In the latest case, he would use a false name to sign in to the library before stuffing valuable books under his tweed jacket and fleeing.

The sentence he is to get will be measured in years, not months”

Gino Connor, for the prosecution, said the crime was a "systematic, carefully planned theft committed by a man who knew precisely what he was doing".

"We are not dealing with Penguin books, we are dealing with very valuable books," he said.

Jacques was highly intelligent with an understanding of rare books, the court heard.

He studied at Cambridge University and was a member of both the British Library and the London Library.

But staff said they started to become suspicious about him after noticing he would always wear the same clothes - a tweed jacket and glasses - on visits to the library.

On one occasion the defendant "was seen to place something inside his jacket and walk away with his left arm stiff against his jacket as if holding something," the court heard.

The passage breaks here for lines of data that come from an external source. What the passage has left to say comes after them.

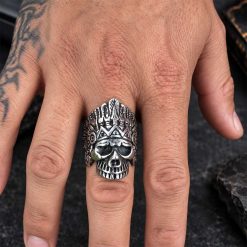 Gothic Native American Chief Skull Stainless Steel Ring | Heavy Metal Biker Band | Secure Checkout | Tracked Shipping | 7-Day Easy Returns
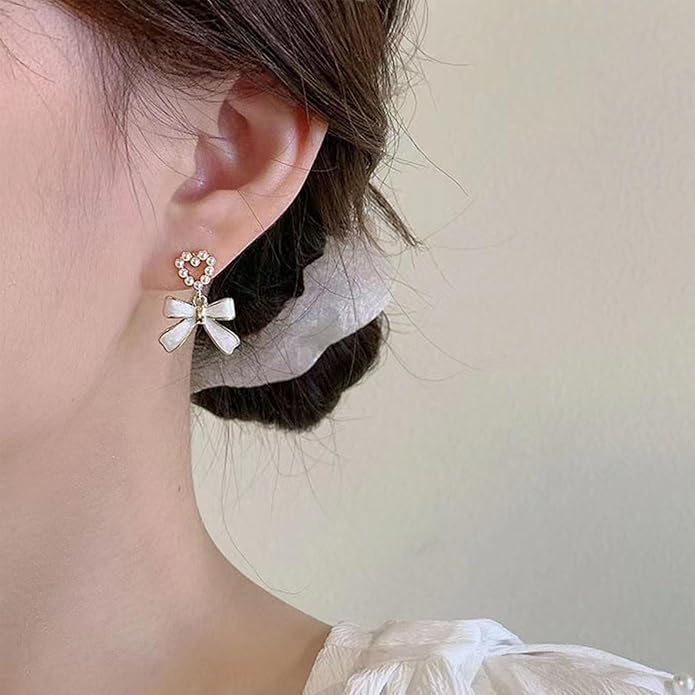 Vintage Pearl Bow Dangle Earrings Pearl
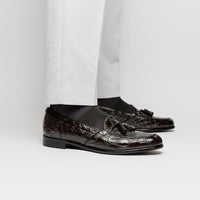 Zelli Franco Genuine Caiman Crocodile Tassel Loafers in Nicotine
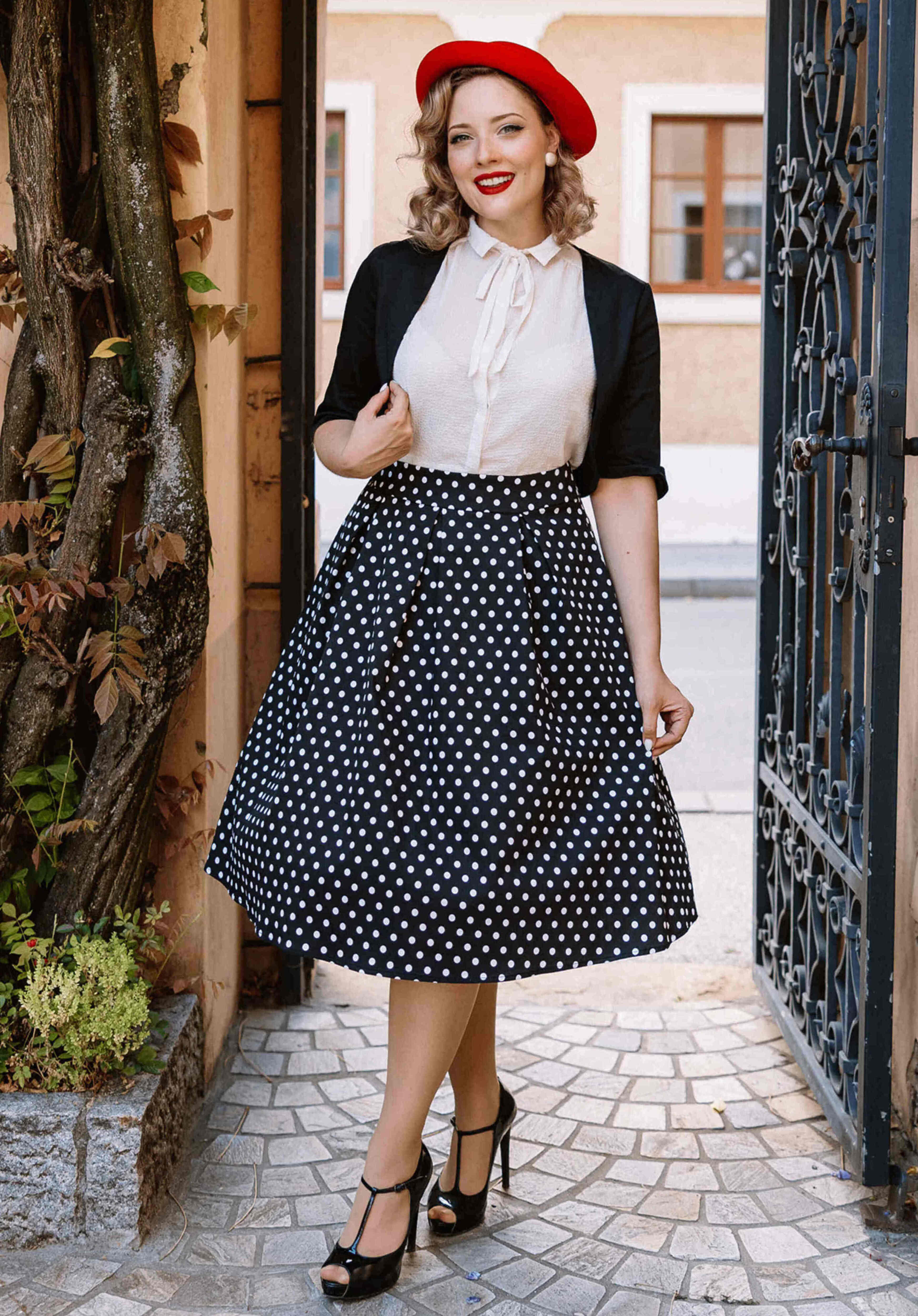 Dolly & Dotty - Wholesale Skirt - Women's - Rochelle High Waist Full Circle Polka Dot Skirt in Black1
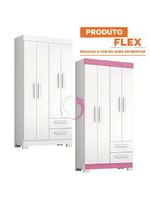 Guarda Roupas Solteiro 4 Portas 2 Gavetas Malta Flex Notável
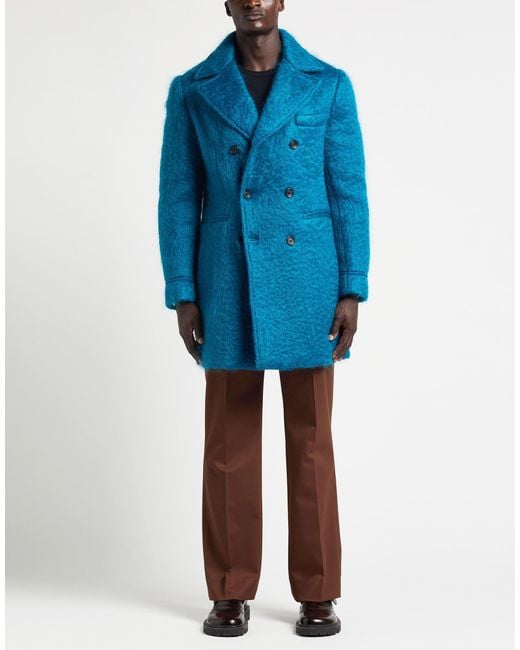 Il Cappottino Blue Coat Mohair Wool, Wool, Polyamide for men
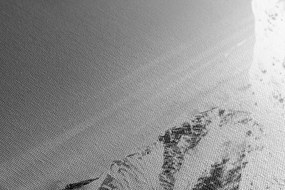 Quadro su tela – Catena montuosa innevata in bianco e nero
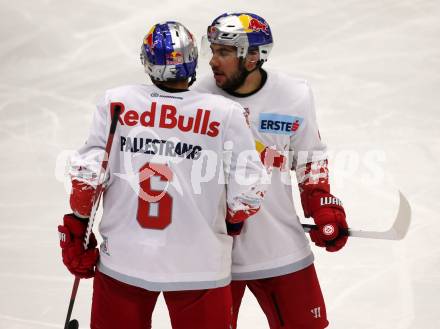 EBEL. Eishockey Bundesliga. EC VSV gegen EC Red Bull Salzburg. Torjubel Alexander Pallestrang, Layne Viveiros  (Salzburg). Villach, am 21.9.2017.
Foto: Kuess 


---
pressefotos, pressefotografie, kuess, qs, qspictures, sport, bild, bilder, bilddatenbank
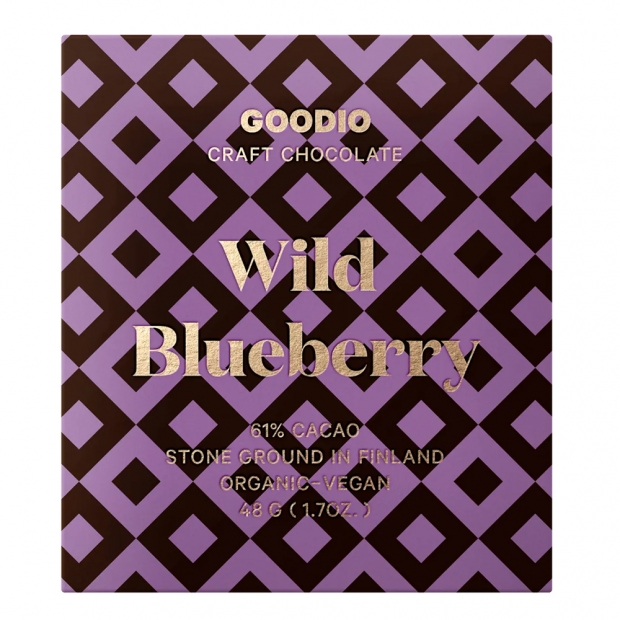 Organic chocolate Wild Blueberry 61% / bean-to-bar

Recorder Matthew Holland QC said Jacques understood "that the sentence he is to get will be measured in years, not months".

The judge said he wanted to give Jacques time to reflect on his situation and urged him to consider revealing the location of the stolen books.

"My principal concern is the recovery of these books," he said.

"These are antique and antiquarian books that have a real academic value to the institutions that lose them, which is quite independent to the financial value."